## Problem
Leave out the pictures and output exactly the lines below from the one with "feedinggiraffes" down to the one with "by Amazon Quinoa", both of them included.

## Source records
•••

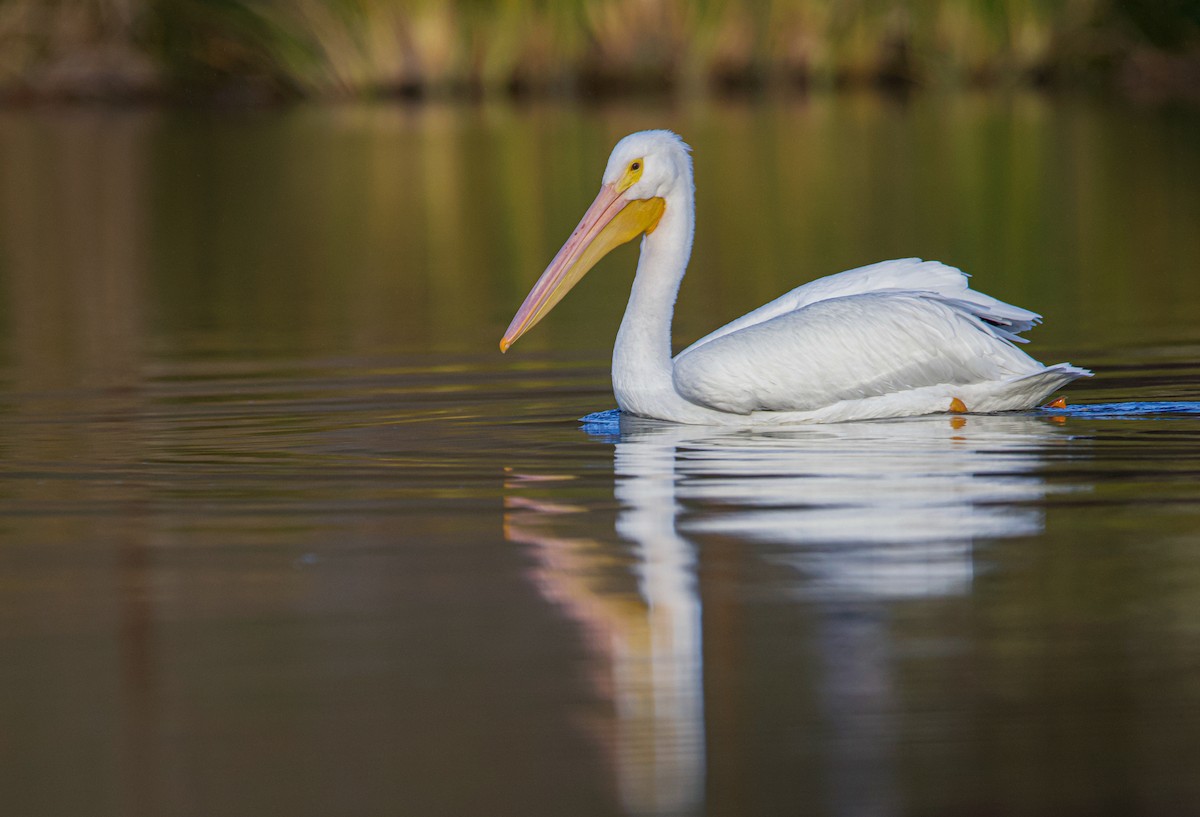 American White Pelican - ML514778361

•••

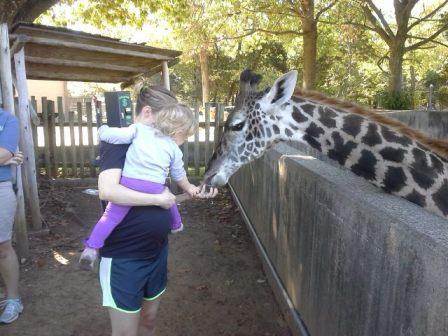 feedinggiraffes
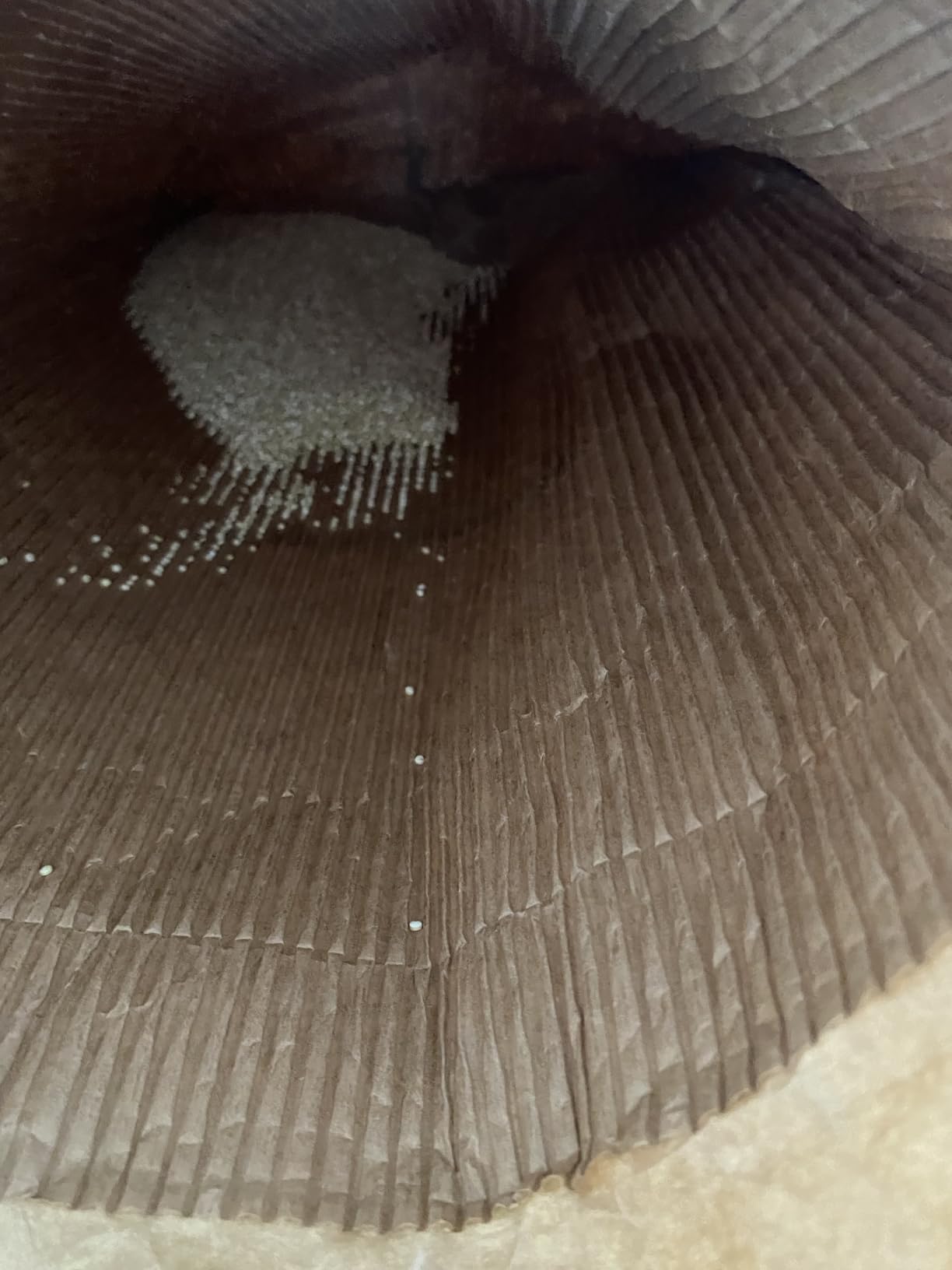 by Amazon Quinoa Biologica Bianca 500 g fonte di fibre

•••

## Response to this exercise
 feedinggiraffes
 by Amazon Quinoa Biologica Bianca 500 g fonte di fibre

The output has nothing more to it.